Saved entries

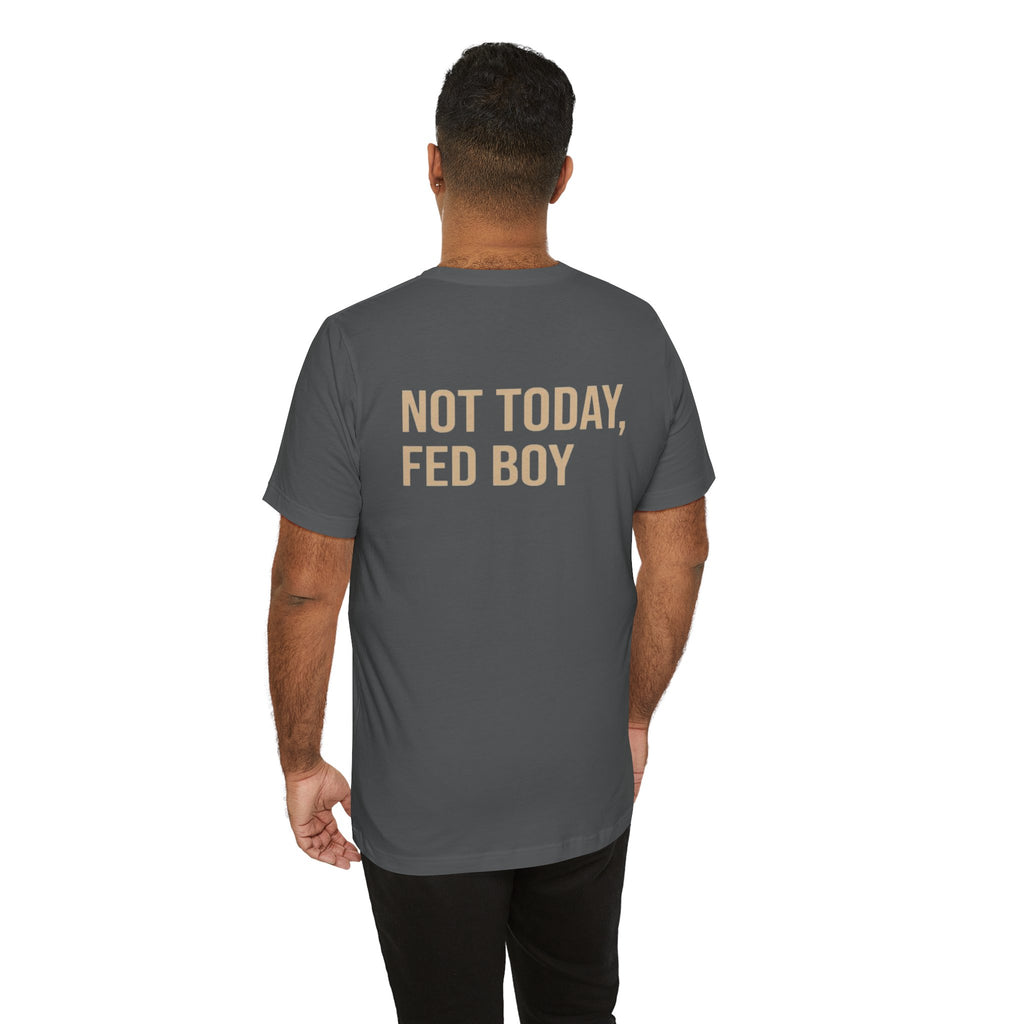 Not Today Fed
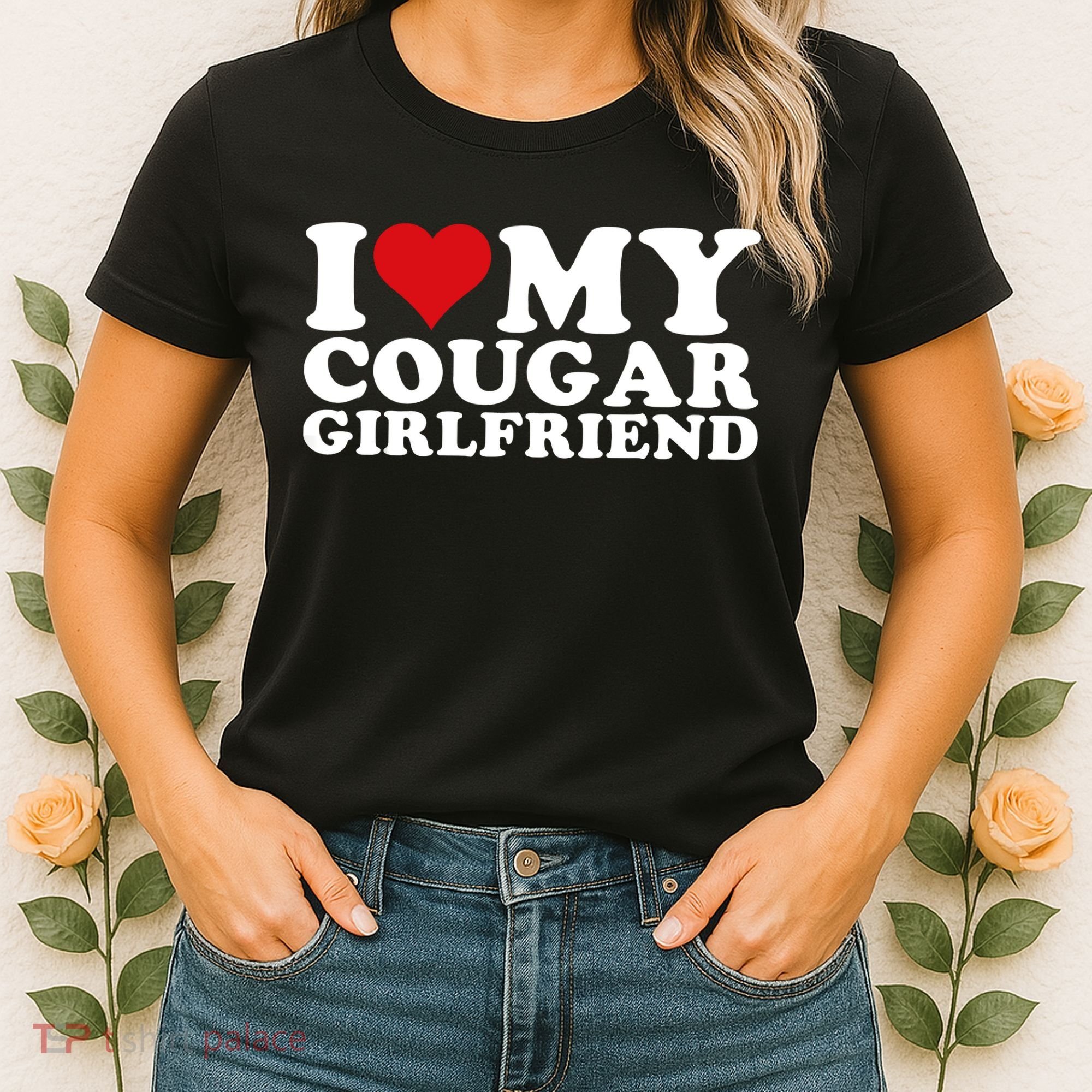 I Love My Cougar Girlfriend I Heart My Cougar Girlfriend GF Women's T-Shirt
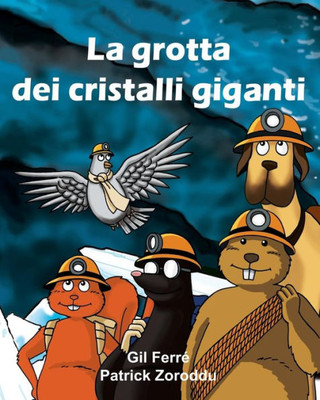 LA GROTTA dei CRISTALLI GIGANTI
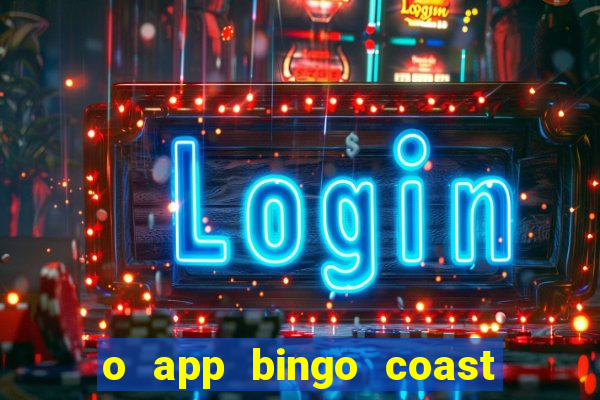 o app bingo coast paga mesmo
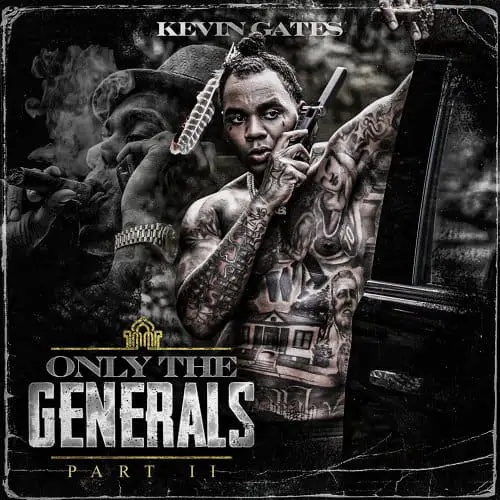 Stream Kevin Gates' New Project Only The Generals Part II
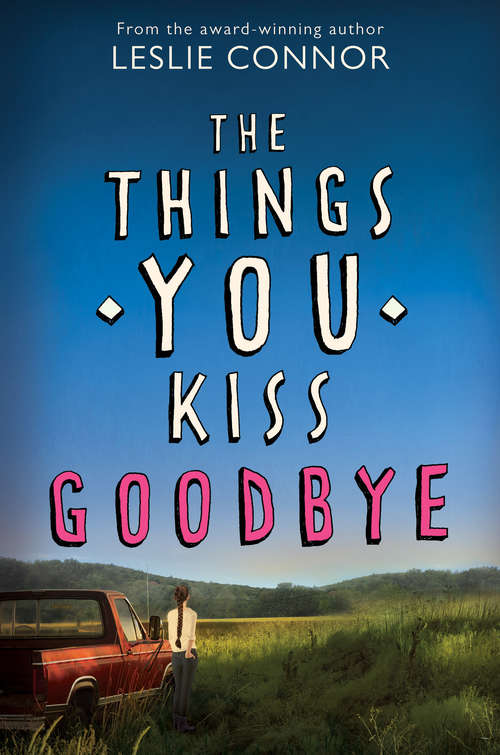 Book cover of The Things You Kiss Goodbye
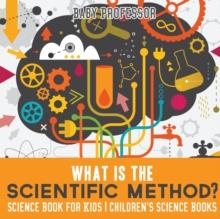 WHAT IS THE SCIENTIFIC METHOD? | 9781541912212 | BABY PROFESSOR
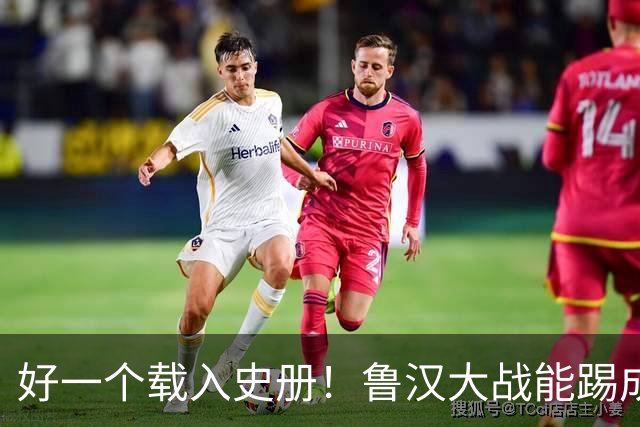 好一个载入史册！鲁汉大战能踢成啥样？唐田带小马哥最后露个脸？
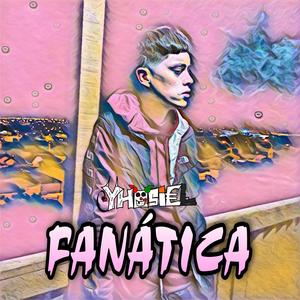 FANÁTICA (Explicit)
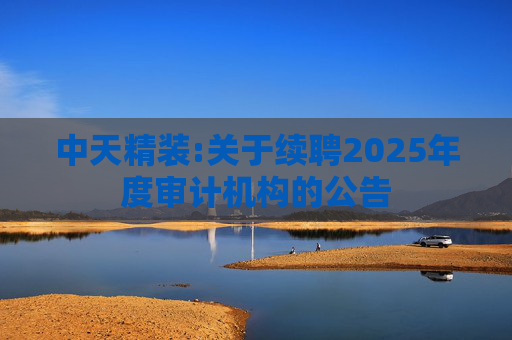 中天精装:关于续聘2025年度审计机构的公告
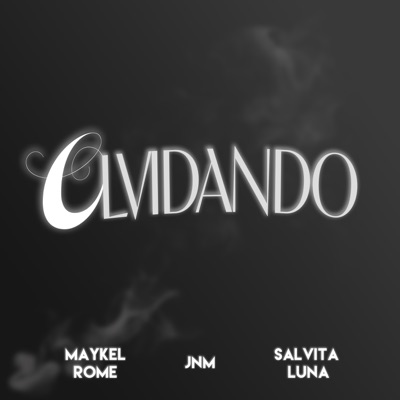 OLVIDANDO (feat. MAYKELROME & Salvita Luna) - Single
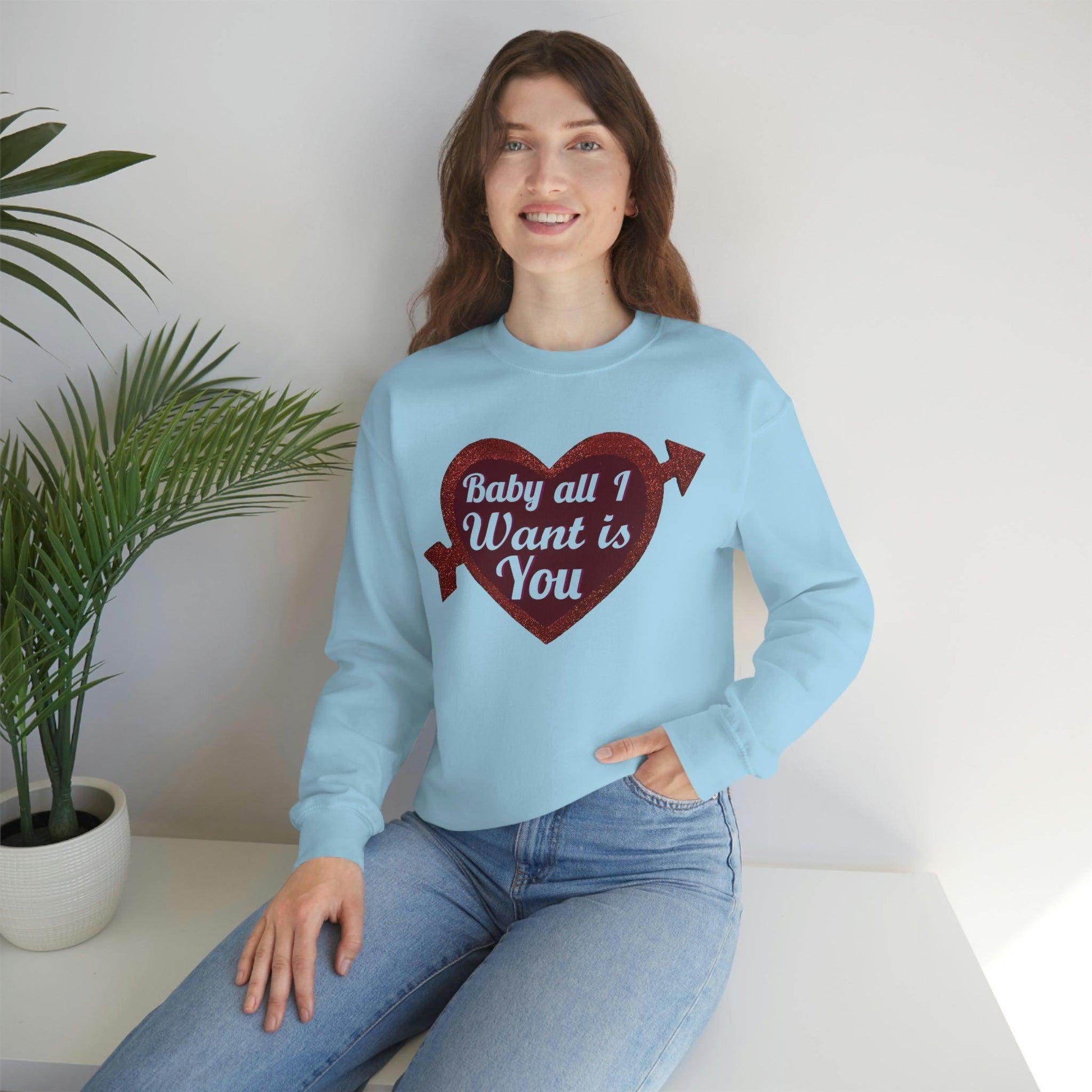 Baby all I want is You Sweatshirt - Giftsmojo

- _EXERCISE DIRECTIONS_: Transcribe all lines above exactly, skipping pictures.

- _OUTPUT_:
 Not Today Fed
 I Love My Cougar Girlfriend I Heart My Cougar Girlfriend GF Women's T-Shirt
 LA GROTTA dei CRISTALLI GIGANTI
 o app bingo coast paga mesmo
 Stream Kevin Gates' New Project Only The Generals Part II
 Book cover of The Things You Kiss Goodbye
 WHAT IS THE SCIENTIFIC METHOD? | 9781541912212 | BABY PROFESSOR
 好一个载入史册！鲁汉大战能踢成啥样？唐田带小马哥最后露个脸？
 FANÁTICA (Explicit)
 中天精装:关于续聘2025年度审计机构的公告
 OLVIDANDO (feat. MAYKELROME & Salvita Luna) - Single
 Baby all I want is You Sweatshirt - Giftsmojo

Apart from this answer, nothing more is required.